Prediction of sustained harmonic walking in the free-living environment using raw accelerometry data

Jacek K. Urbanek, Vadim Zipunnikov, Tamara Harris, William Fadel, Nancy Glynn, Annemarie Koster, Paolo Caserotti, Ciprian Crainiceanu, Jaroslaw Harezlak

Research output: Contribution to journalArticlepeer-review

Abstract

Objective: Using raw, sub-second-level accelerometry data, we propose and validate a method for identifying and characterizing walking in the free-living environment. We focus on sustained harmonic walking (SHW), which we define as walking for at least 10 s with low variability of step frequency. Approach: We utilize the harmonic nature of SHW and quantify the local periodicity of the tri-axial raw accelerometry data. We also estimate the fundamental frequency of the observed signals and link it to the instantaneous walking (step-to-step) frequency (IWF). Next, we report the total time spent in SHW, number and durations of SHW bouts, time of the day when SHW occurred, and IWF for 49 healthy, elderly individuals. Main results: The sensitivity of the proposed classification method was found to be 97%, while specificity ranged between 87% and 97% and the prediction accuracy ranged between 94% and 97%. We report the total time in SHW between 140 and 10 min d-1 distributed between 340 and 50 bouts. We estimate the average IWF to be 1.7 steps-per-second. Significance: We propose a simple approach for the detection of SHW and estimation of IWF, based on Fourier decomposition.

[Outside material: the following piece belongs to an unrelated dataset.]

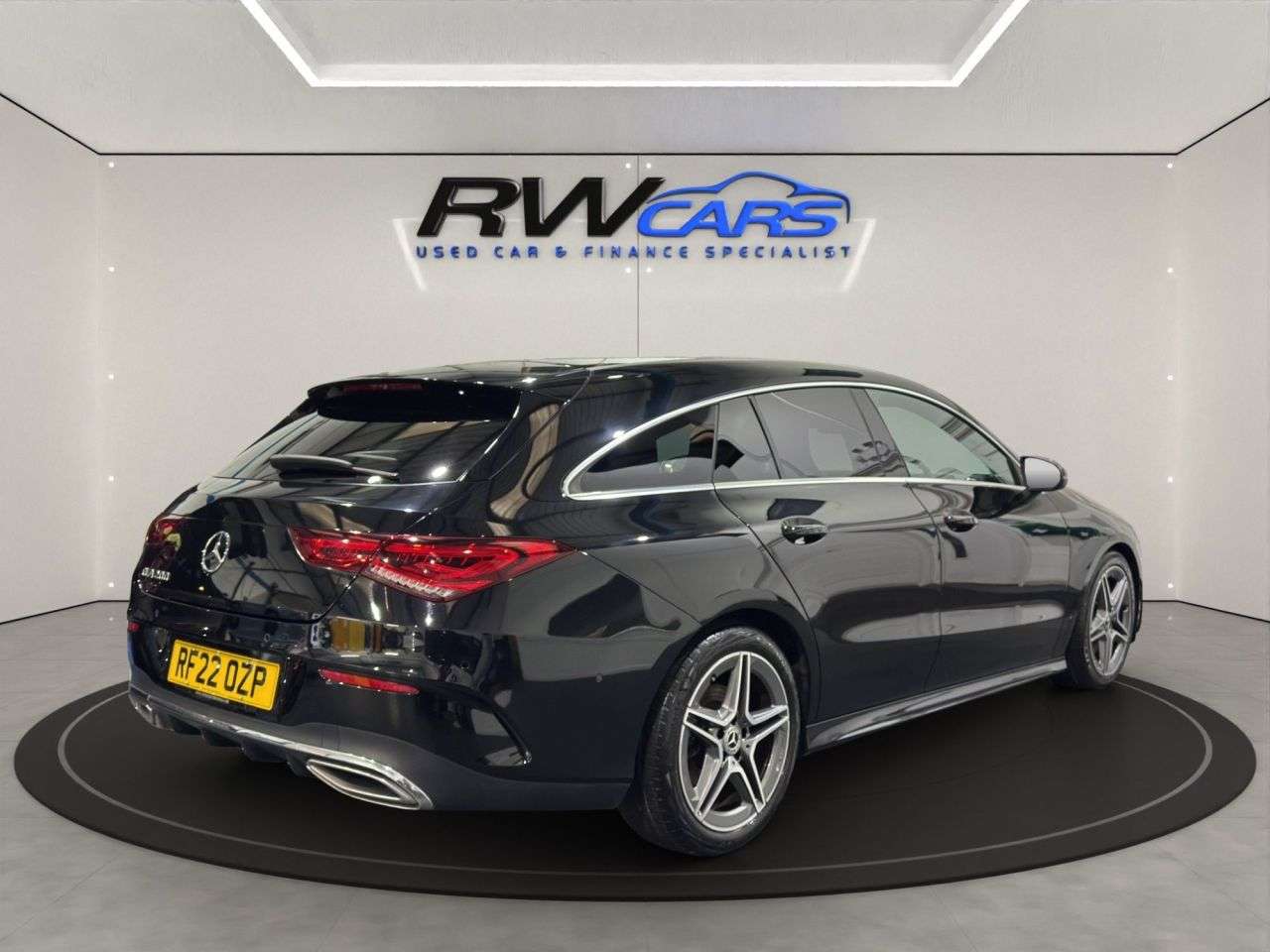 2022 MERCEDES-BENZ CLA 2022 MERCEDES-BENZ CLA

Original languageEnglish (US)
Article number02NT02
JournalPhysiological Measurement
Volume39
Issue number2
DOIs
StatePublished - Feb 28 2018

Keywords

  • accelerometry
  • free-living data
  • movement recognition
  • physical activity
  • walking quantification
  • wearable computing

ASJC Scopus subject areas

  • Biophysics
  • Physiology
  • Biomedical Engineering
  • Physiology (medical)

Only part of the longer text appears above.